SOURCE DATA
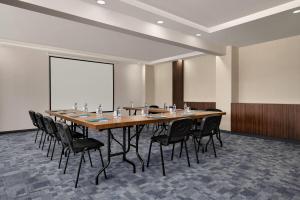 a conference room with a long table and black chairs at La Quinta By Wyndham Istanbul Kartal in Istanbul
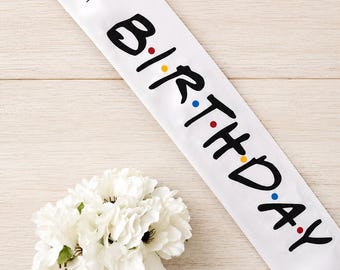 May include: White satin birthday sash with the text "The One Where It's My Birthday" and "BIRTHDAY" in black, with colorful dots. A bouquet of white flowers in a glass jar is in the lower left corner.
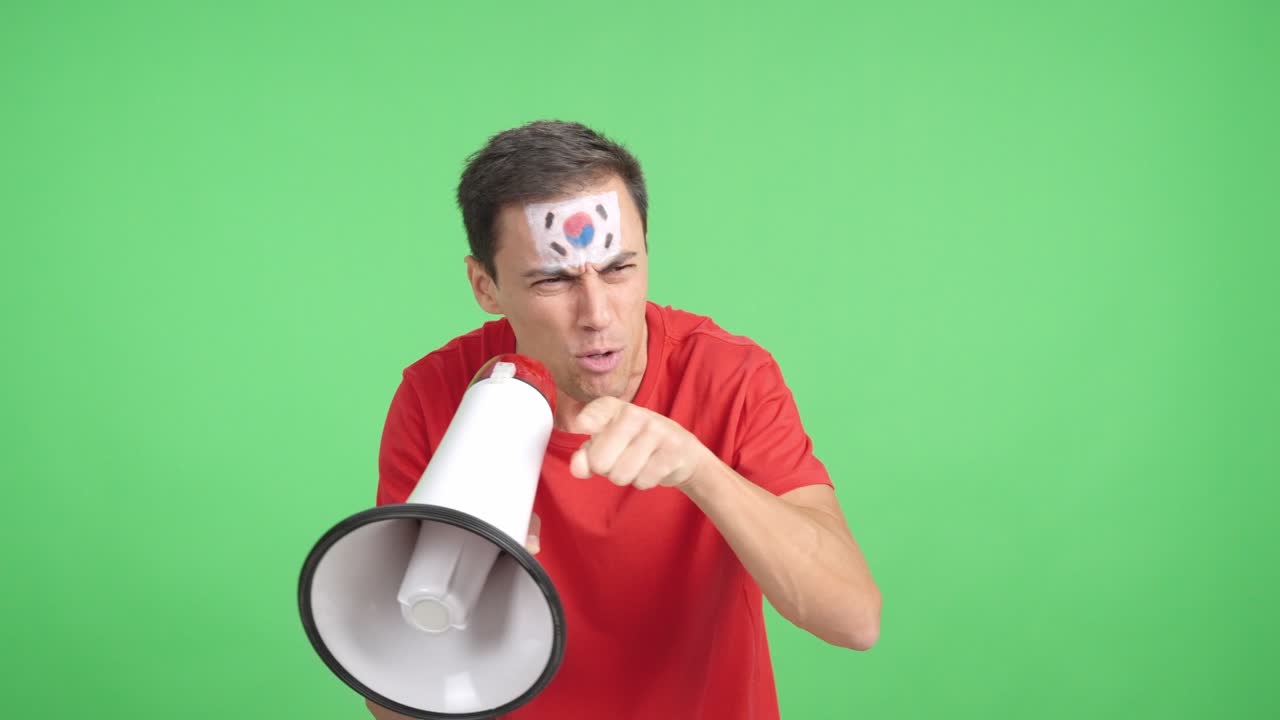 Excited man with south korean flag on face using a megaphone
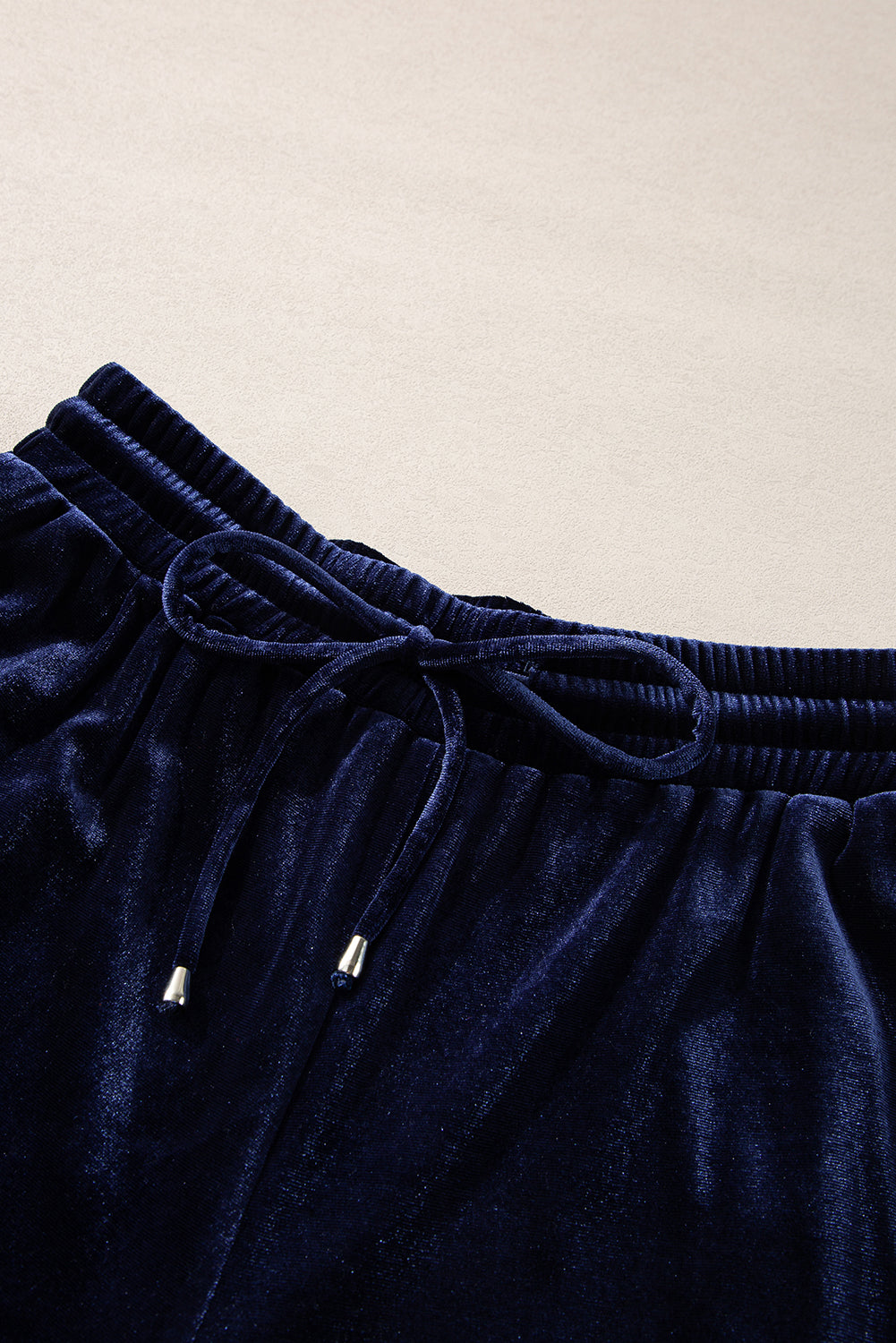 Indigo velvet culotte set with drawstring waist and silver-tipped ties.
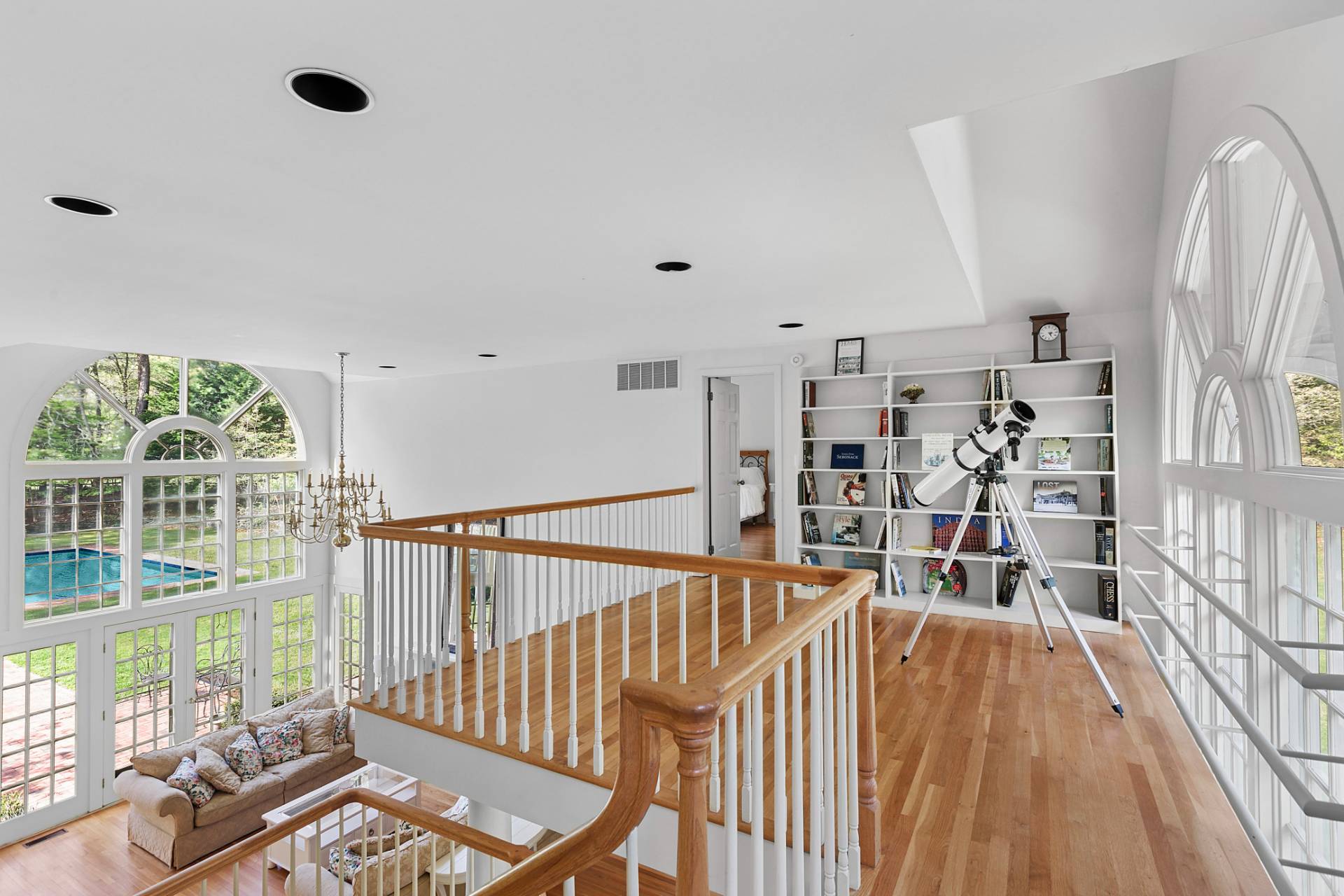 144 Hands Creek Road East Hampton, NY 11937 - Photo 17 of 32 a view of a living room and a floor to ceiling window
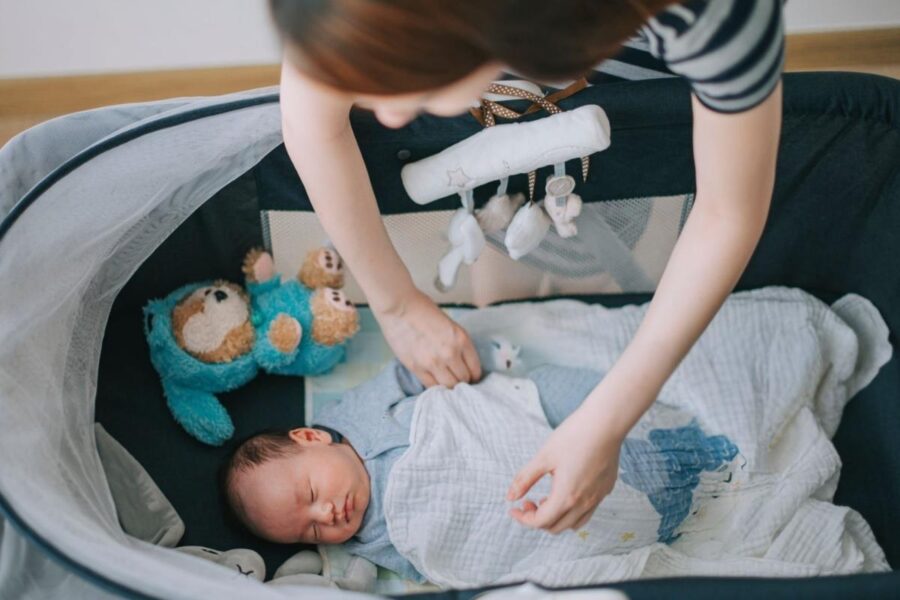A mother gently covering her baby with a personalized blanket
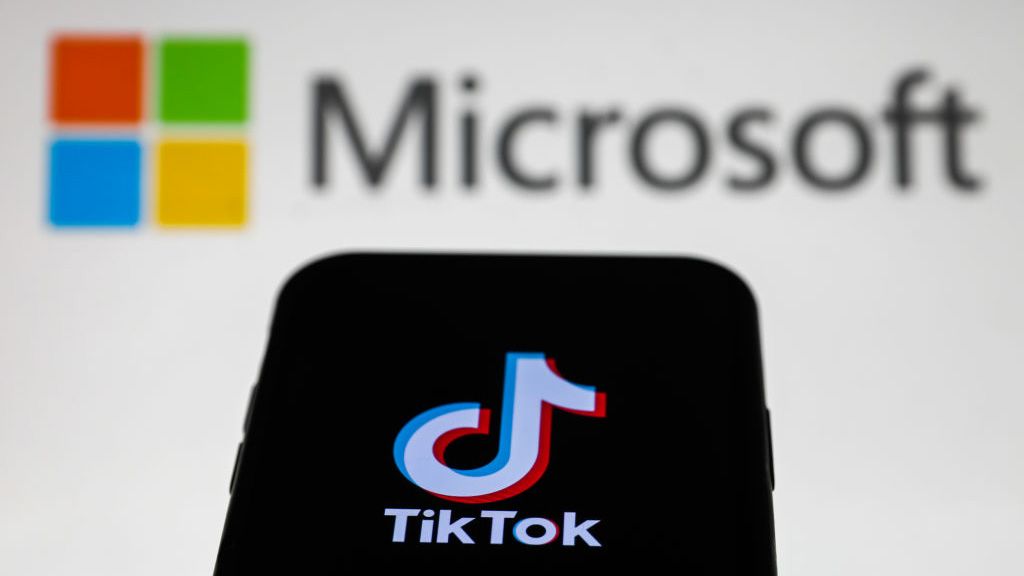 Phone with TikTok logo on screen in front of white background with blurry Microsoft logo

TASK BRIEF
Word for word, retype the lines from the one that contains "A mother gently" through the final line of the data, both ends included, excluding pictures.

RESULT OF THE TASK
A mother gently covering her baby with a personalized blanket
 Phone with TikTok logo on screen in front of white background with blurry Microsoft logo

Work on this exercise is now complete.